Published on

How AI Search Engine Works


Retrieval-Augmented Generation(RAG)

AI search seems mysterious, but it is actually very simple. The key technologies are still AI, not the search. Even without search, if you ask AI a question, it will still be able to give you an answer. Search only provides AI with some auxiliary context information, making it possible for AI to provide more accurate answers.

The technology used in AI search is called Retrieval Augmented Generation (RAG), as mentioned above which is to give AI more context information that it may not know, so that it can come up with more accurate answers.

Let's take a look at the following prompt, which comes from the search with lepton project, and was modified in the Infinite Search project

private val ragText = """
        You are a large language AI assistant built by VLINX Software. You are given a user question, and please write clean, concise and accurate answer to the question. You will be given a set of related contexts to the question.

        Your answer must be correct, accurate and written by an expert using an unbiased and professional tone. Please limit to 1024 tokens. Do not give any information that is not related to the question, and do not repeat. Say "information is missing on" followed by the related topic, if the given context do not provide sufficient information.

        your answer must be written in the same language as the question.

        Here are the set of contexts:


        Remember, don't blindly repeat the contexts verbatim. And here is the user question:

As we can see, this prompt is not much different from our usual prompts, the key lies in how to provide this context

How to give AI contextual information

RAG this technology is not only applied to AI search, its can be applied to a variety of fields that require information retrieval, such as you feed it a book, so that the AI from the book to find out the information you need, or feed it a bunch of medical knowledge, so that the AI to become your personal medical assistant, and the key here lies in the retrieval of information is how to give the AI to provide the context of the information as mentioned above, and the key technology used here The key technology used here is vector database.

The word "vector" in a vector database refers to a text vector, that is, converting each text, or each token, into a vector representation. For example, "hello" corresponds to a vector "[1,1,1,1]", "world" corresponds to "[2,2,2,2]". What is the significance of converting text into a vector? The significance is that these vectors are obtained through pre-training, so that text with similar meanings has a numerically similar vector representation. For example, the vector of "like" may be "[36,37,38,39]", the vector of "love" may be "[33,36,39,38]", and the vector of "hate" may be "[99,88,77,99]". "like" and "love" are closer in vector space, while the distance to "hate" is further. Therefore, when we search for keywords, we can use the vector database to find the most similar text and submit it to AI as context information. After analysis, AI combines its own capabilities and the context information we provide to give an answer.

  1. Convert textual information into vectors to be stored in a vector database
  2. Based on the keywords provided by the user, retrieve a certain number of the most similar text entries from the vector database and provide them to the AI as contextual information.
  3. AI combines its own capabilities with the contextual information to give an answer

From the analysis above, we can see that RAG is very suitable for the field of knowledge retrieval, especially for those fields that AI has not learned. But this also causes the limitations of AI search, namely, timeliness and accuracy.

If a large amount of professional field knowledge can be prepared in advance and stored in the vector database, the most similar information can be found from the vector database and submitted to AI for analysis during the retrieval. Under this scenario, the advantages of RAG can be brought into full play.

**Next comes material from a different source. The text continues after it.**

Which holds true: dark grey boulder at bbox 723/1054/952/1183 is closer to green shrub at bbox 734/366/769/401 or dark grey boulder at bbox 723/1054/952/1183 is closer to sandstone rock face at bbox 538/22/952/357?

However, for AI search, we cannot predict the content users search, that is, we cannot prepare a large amount of materials in advance. Then, the process of collecting text data and storing it into the vector database can only be carried out during the search process. It is necessary to crawl a certain amount of web page content, then cut and analyze it and store it into the vector database, and then retrieve similar content from the database and submit it to AI. For a search process with strong timeliness, this will consume a lot of time, which is quite different from the traditional search experience of users. If we want to save time, we can also choose not to crawl the web page content, but directly provide the summary information returned by the search engine API to AI as context information. However, this will lead to a large amount of information loss, resulting in inaccurate search results, or only slightly better than directly asking AI questions.

search with lepton adopts the method of directly submitting summary information,

Infinite Search has made certain improvements to this process. Its processing method is to crawl the web page content of the first two items in the search results and add the summary content of other search results to the vector database, and then retrieve the content that is most relevant to the user's keywords from the vector database as context information to provide it to AI.